- _EXERCISE_
Exact copy, pictures omitted: the line holding "Vaveren SUP Paddle" and every line after it down to the end of the entries.

- _DATA EXTRACTS_
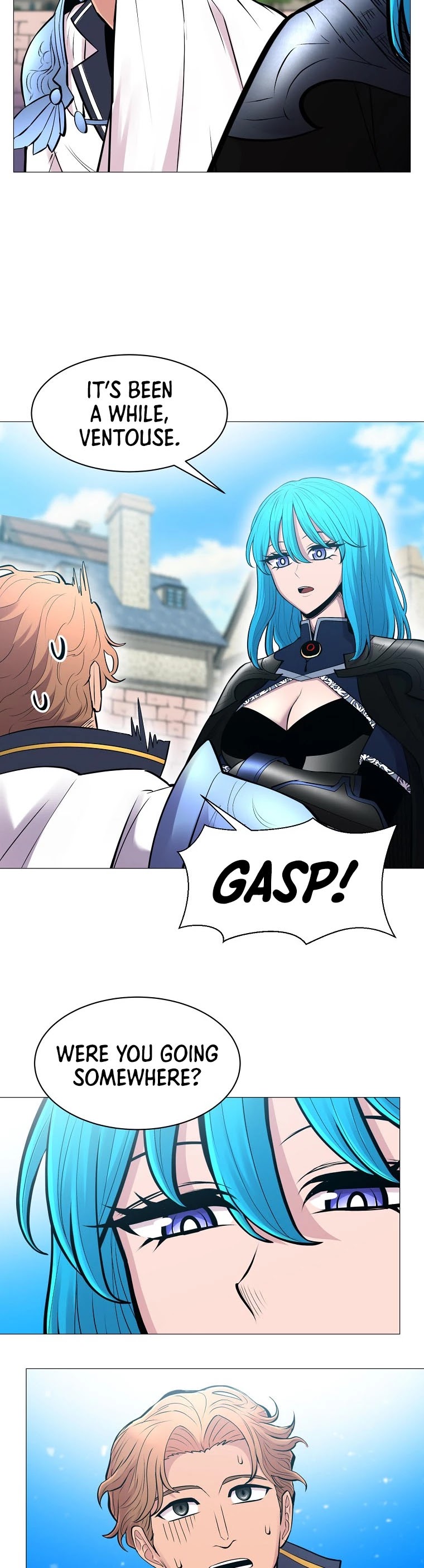 Updater Chapter 86 page 16 - Chapter 86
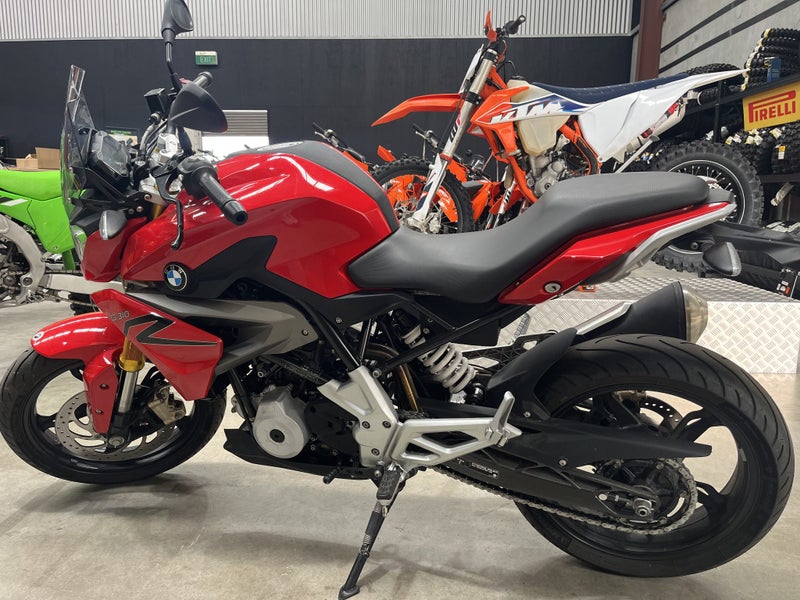 2020 BMW G 310 R414595364076933121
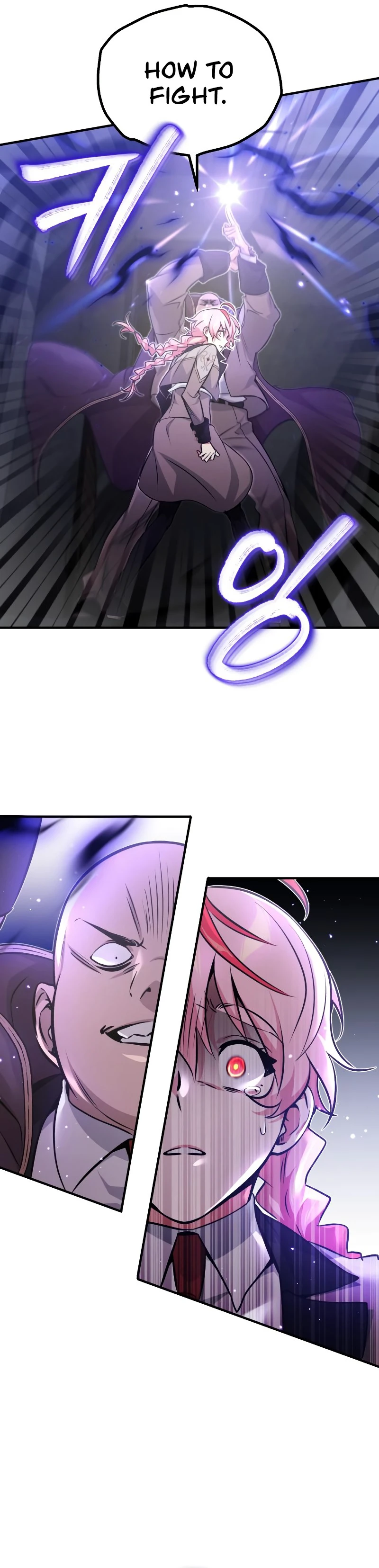The Dark Magician Transmigrates After 66666 Years Chapter 38, page 5 of 17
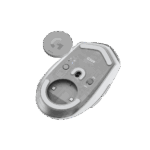 Logitech G309 White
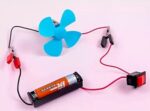 Project Motor Science Kit 3000 - Image 3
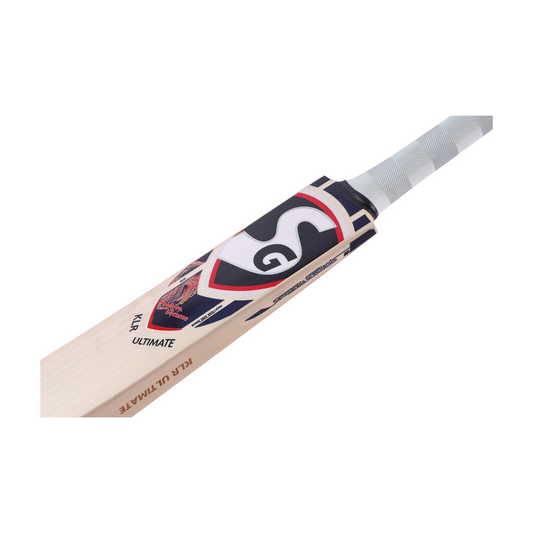 SG KL Rahul KLR Ultimate English Willow Cricket Bat 2026 – Premium Professional Cricket Bat JR SPORTING GOODS INC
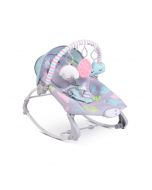 Cangaroo Ležaljka za bebe LLama do 9kg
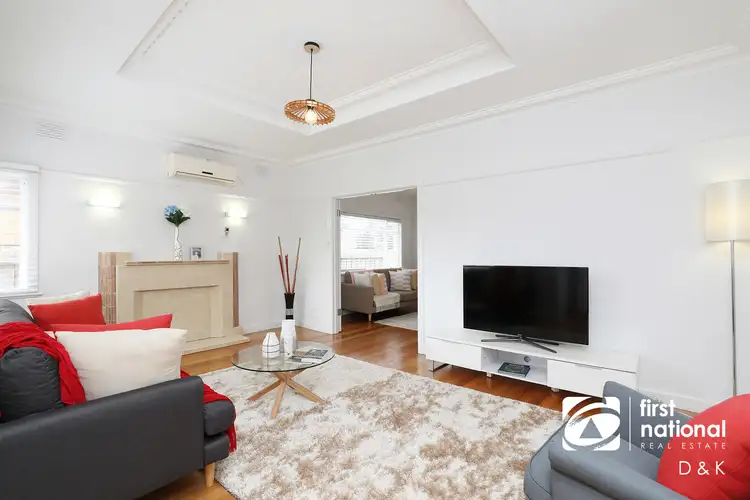 Second view of Homely house listing, 109 Suffolk Street, West Footscray VIC 3012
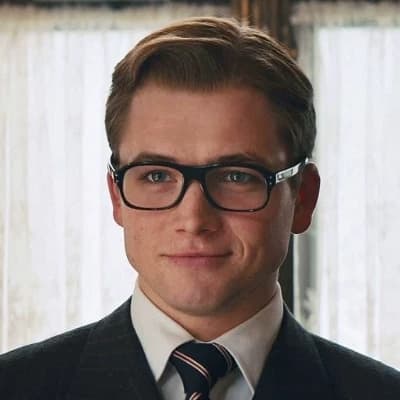 Gary "Eggsy" Unwin thumbnail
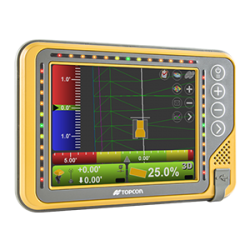 i-53 Indicate Dozer System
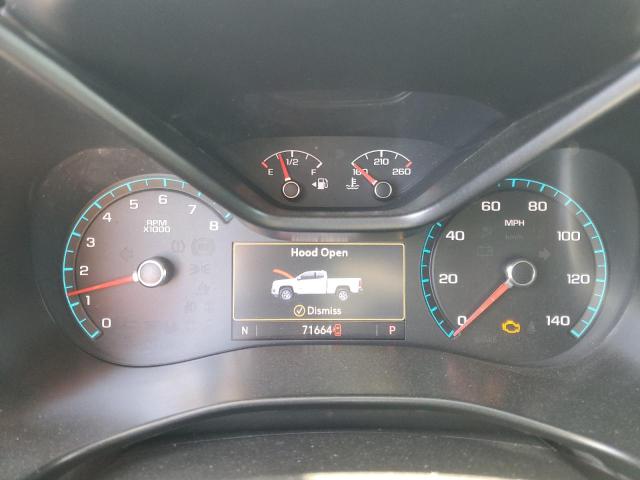 1GCGSDEN6M1123578 Chevrolet lgz - di, vvt, alum, var2, gen 2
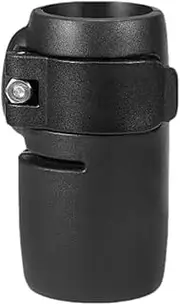 Vaveren SUP Paddle Clamp Adjuster Accessories Nylon Lightweight Paddle Shaft Clamp Quick Release for Water Sports Paddleboard Surfing
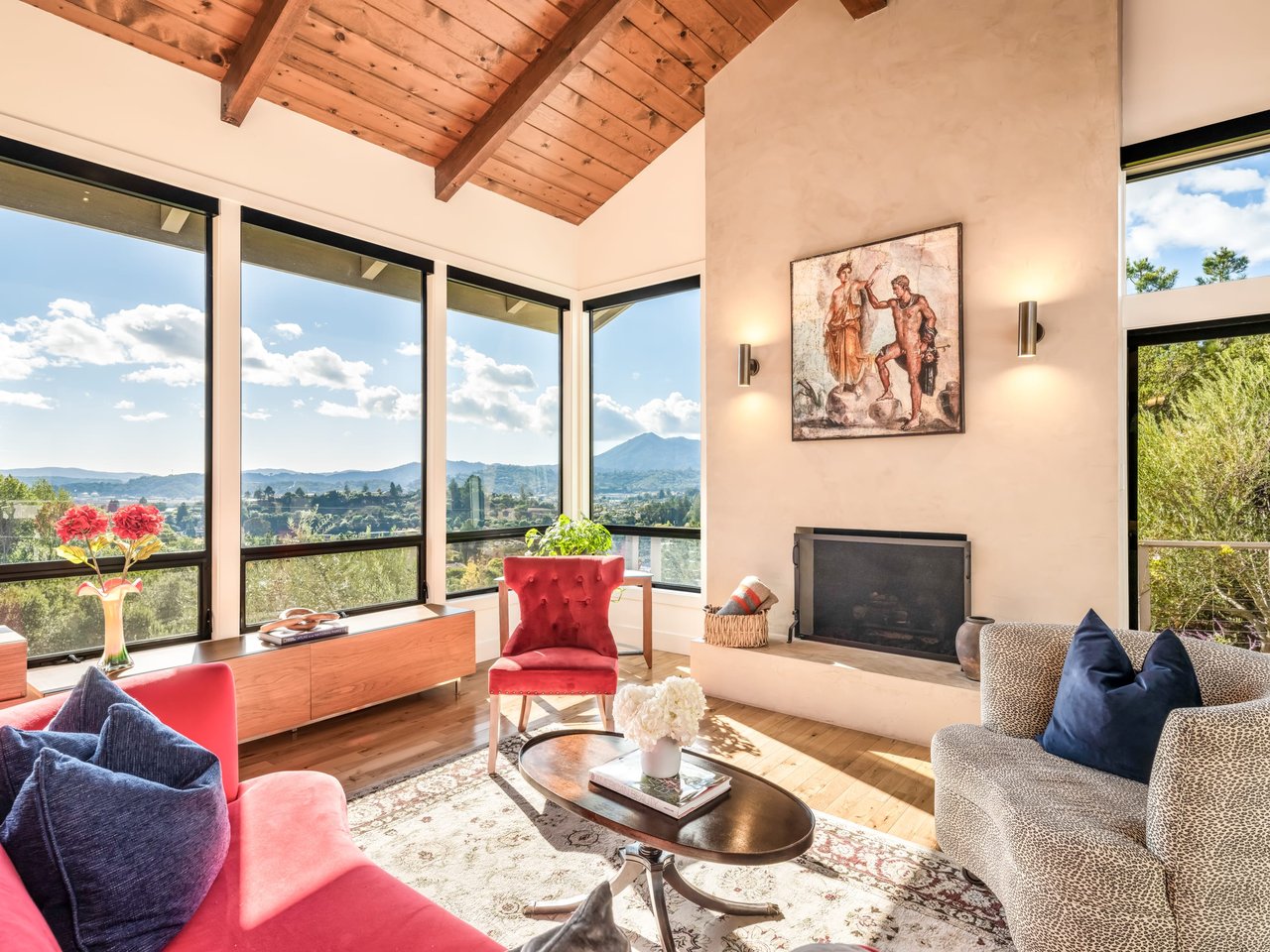 19 Tweed Terrace, San Rafael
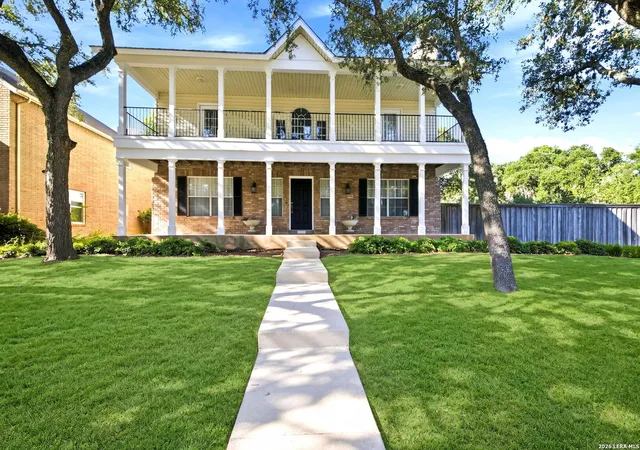 Photo 1 of Sale Pending at 10302 Stonefield Pl, San Antonio, TX 78254 | MLS# 2013968 | Listing updated on 2026-09-15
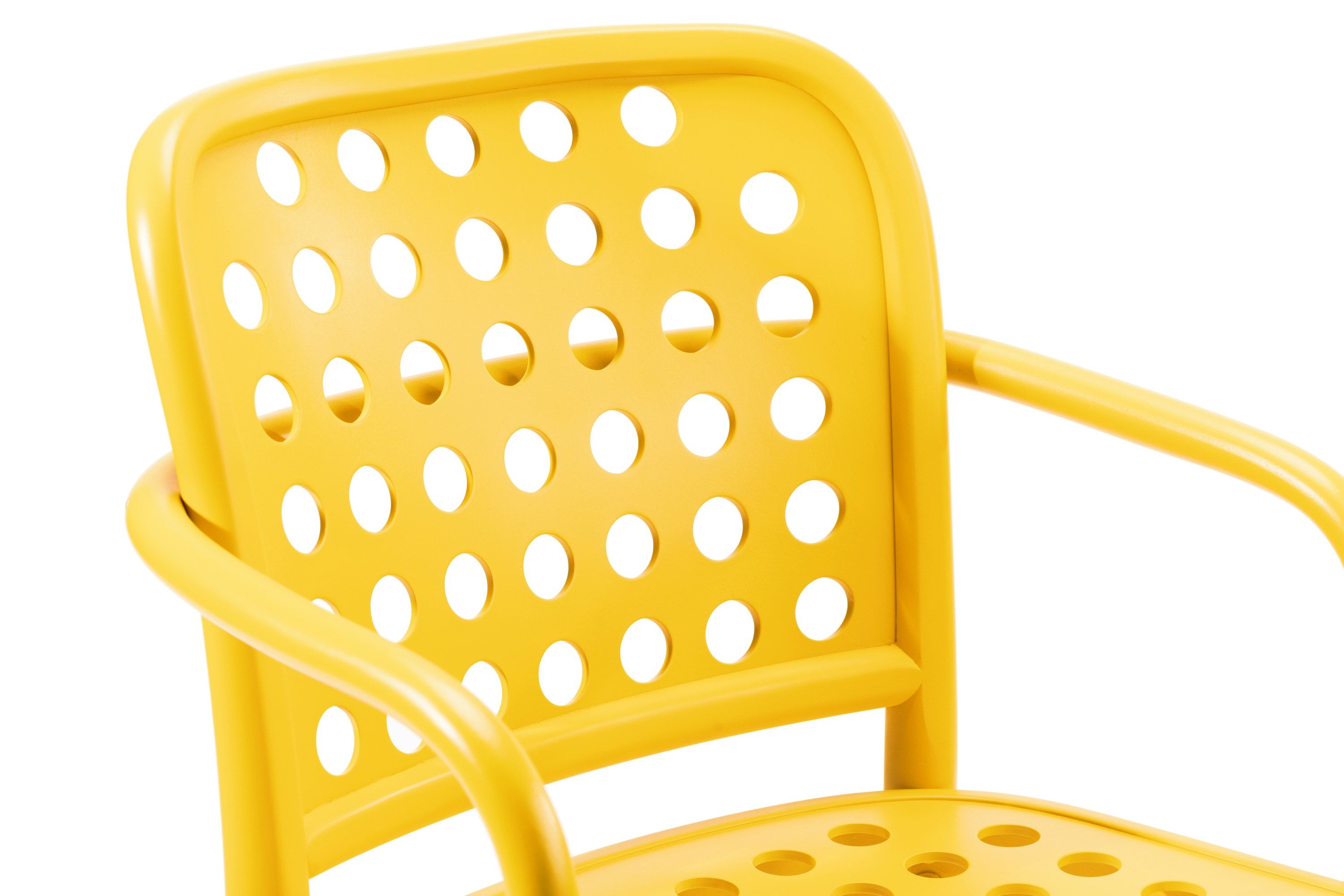 Деревянный стул с подлокотниками TON 822 ARCH-00150109 - Вид №32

- _EXERCISE OUTPUT_
 Vaveren SUP Paddle Clamp Adjuster Accessories Nylon Lightweight Paddle Shaft Clamp Quick Release for Water Sports Paddleboard Surfing
 19 Tweed Terrace, San Rafael
 Photo 1 of Sale Pending at 10302 Stonefield Pl, San Antonio, TX 78254 | MLS# 2013968 | Listing updated on 2026-09-15
 Деревянный стул с подлокотниками TON 822 ARCH-00150109 - Вид №32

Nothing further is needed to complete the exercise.